> _Task instructions_
Produce an exact copy of all the data below, dropping every image.

> _Data_
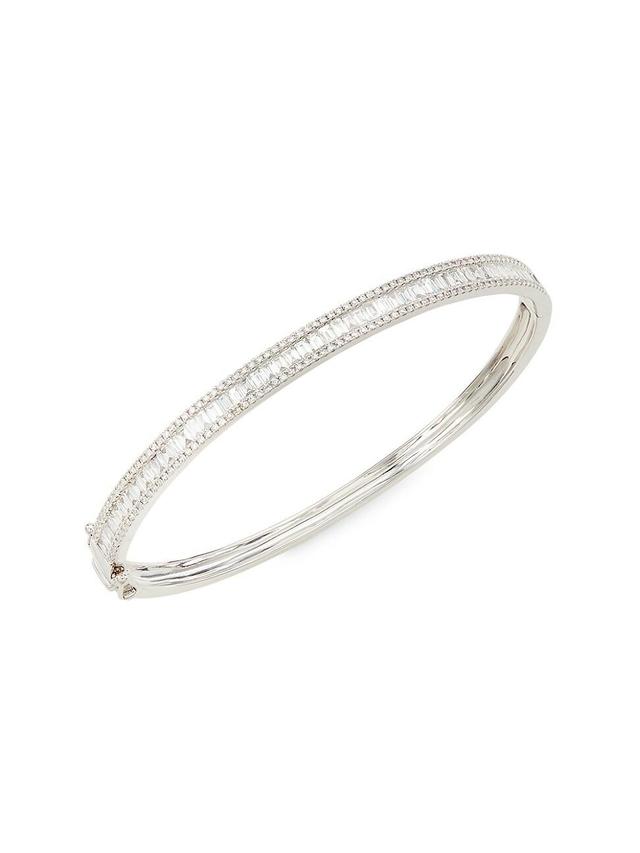 Womens 14K White Gold & 1.74 TCW Diamond Bangle Product Image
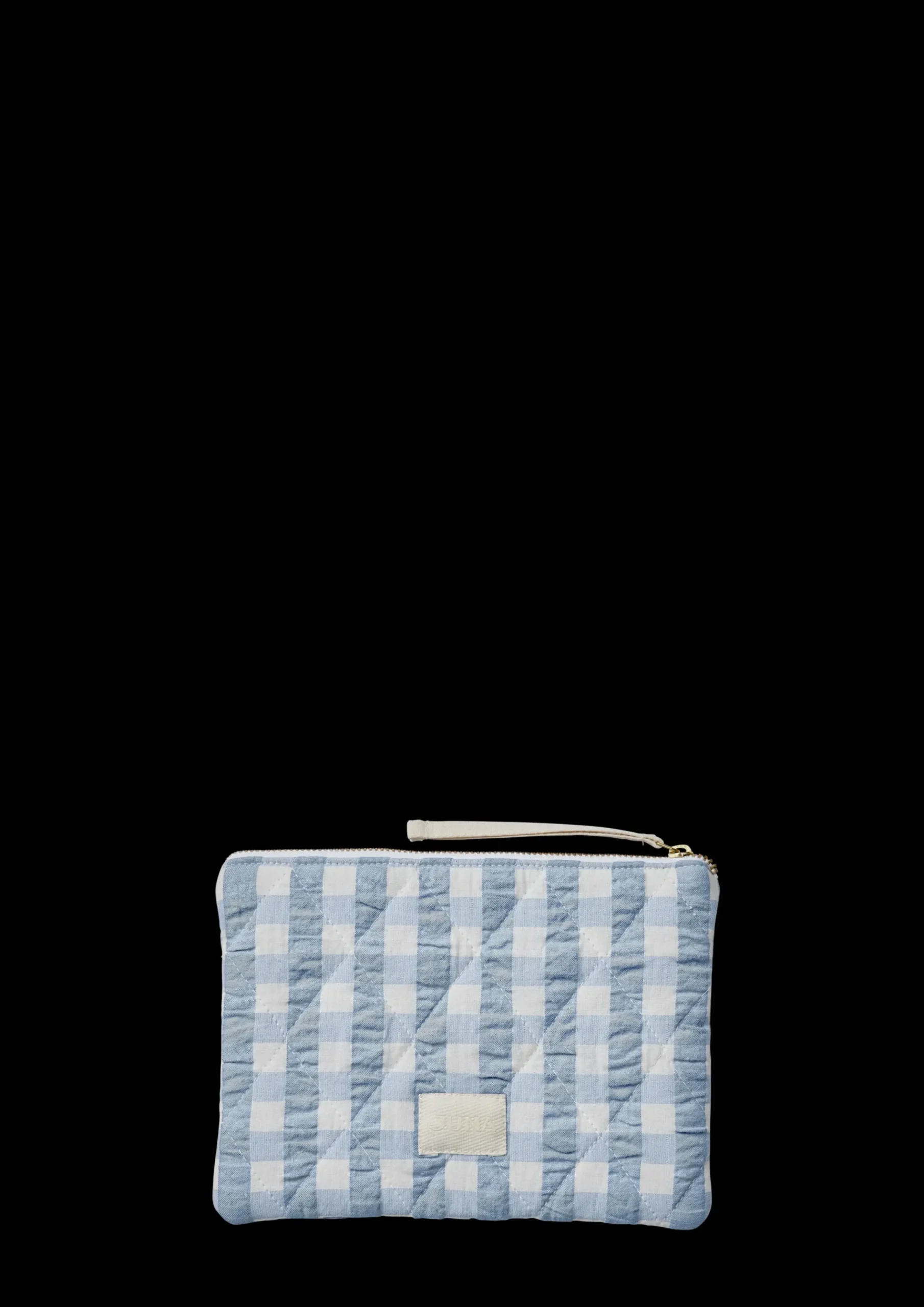 JUNA Bæk&Bølge Dalila Toiletbag 20x14 cm Lys blå/Hvid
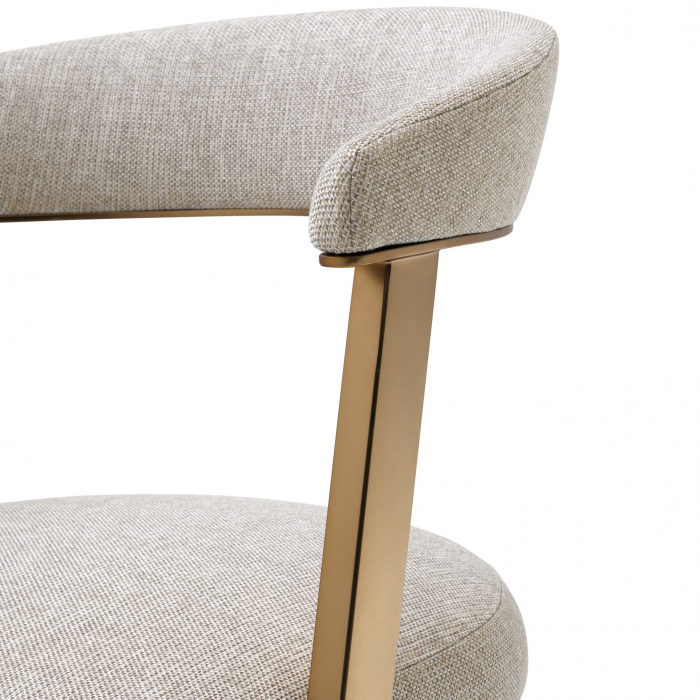   Scaun de dining Dexter finisaj bronz periat loki natural 111473 EICHHOLTZ [5]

> _Exercise output_
 Womens 14K White Gold & 1.74 TCW Diamond Bangle Product Image
 JUNA Bæk&Bølge Dalila Toiletbag 20x14 cm Lys blå/Hvid
   Scaun de dining Dexter finisaj bronz periat loki natural 111473 EICHHOLTZ [5]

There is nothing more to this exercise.